For convenience, birdhouse has a Makefile which hides all these steps. If you want to build an application, you just need to run:

$ make install

See the Makefile example of Emu For more details, see the Installation section and the Makefile documentation.

Buildout recipes by birdhouse

Buildout has a plugin mechanism to extend the build tool functionality with recipes. Buildout can handle Python dependencies on its own. But in birdhouse, we install most dependencies with Anaconda. We are using a Buildout extension to install conda packages with Buildout. Buildout does use these Python packages instead of downloading them from PyPi. There is also a set of recipes to set up Web Processing Services with PyWPS, Nginx, Gunicorn and Supervisor. All these Buildout recipes are on GitHub and can be found on PyPi.

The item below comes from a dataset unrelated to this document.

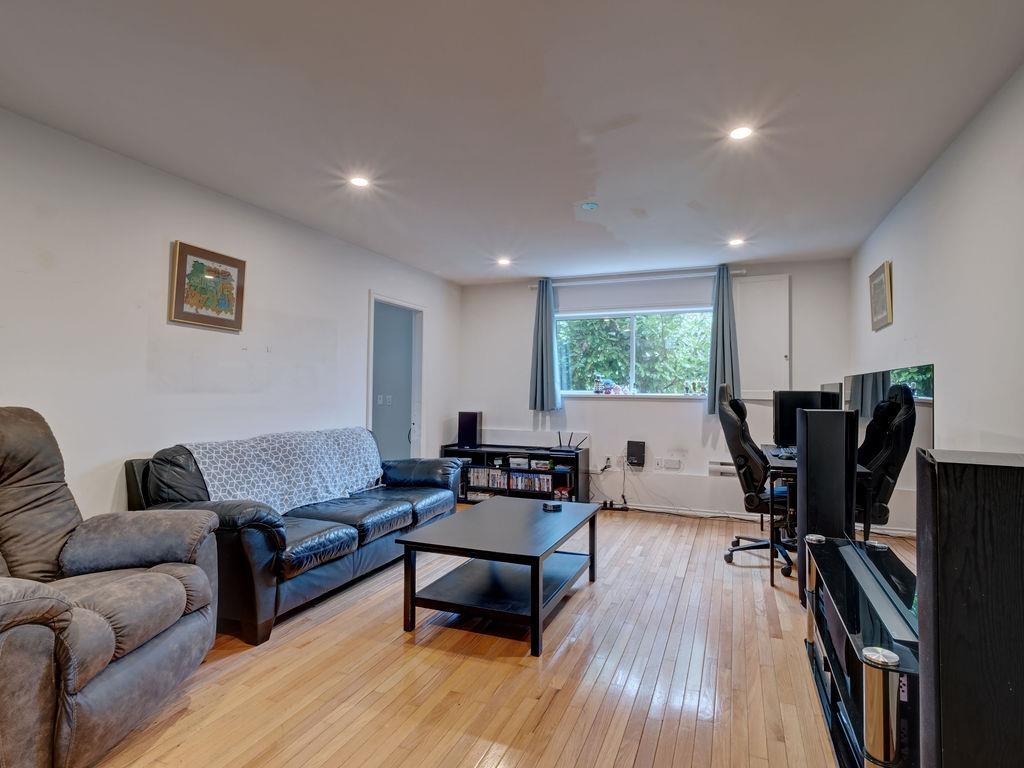 Outdoor Deck Photo of 329 Burns Road, Gibsons, BC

Here is the list of currently-used Buildout recipes by birdhouse:

Python Packaging

Links:

Example:

$ python setup.py sdist
$ python setup.py bdist_wheel
$ python setup.py register -r pypi
$ twine upload dist/*

Check the rst docs in the long_description of setup.py:

Example:

$ python setup.py checkdocs

Python Code Style

Birdhouse uses PEP8 checks to ensure a consistent coding style. Currently the following PEP8 rules are enabled in setup.cfg:

[flake8]
ignore=F401,E402
max-line-length=120
exclude=tests

See the flake8 documentation on how to configure further options.

To check the coding style run flake8:

$ flake8 emu   # emu is the folder with python code
# or
$ make pep8    # make calls flake8

To make it easier to write code according to the PEP8 rules enable PEP8 checking in your editor. In the following we give examples how to enable code checking for different editors.

Sublime

{
 // set vertical rulers in specified columns.
 "rulers": [79],

 // turn on word wrap for source and text
 // default value is "auto", which means off for source and on for text
 "word_wrap": true,

 // set word wrapping at this column
 // default value is 0, meaning wrapping occurs at window width
 "wrap_width": 79
 }

PyCharm

TODO

Kate

TODO

Emacs

TODO

Vim

TODO

Spyder

TODO

Coding Style using EditorConfig

EditorConfig is used to keep consistent coding styles between different editors. The configuration is on github in the top level directory .editorconfig. See the EditorConfig used in Birdhouse. Check the EditorConfig page on how to activate it for your editor.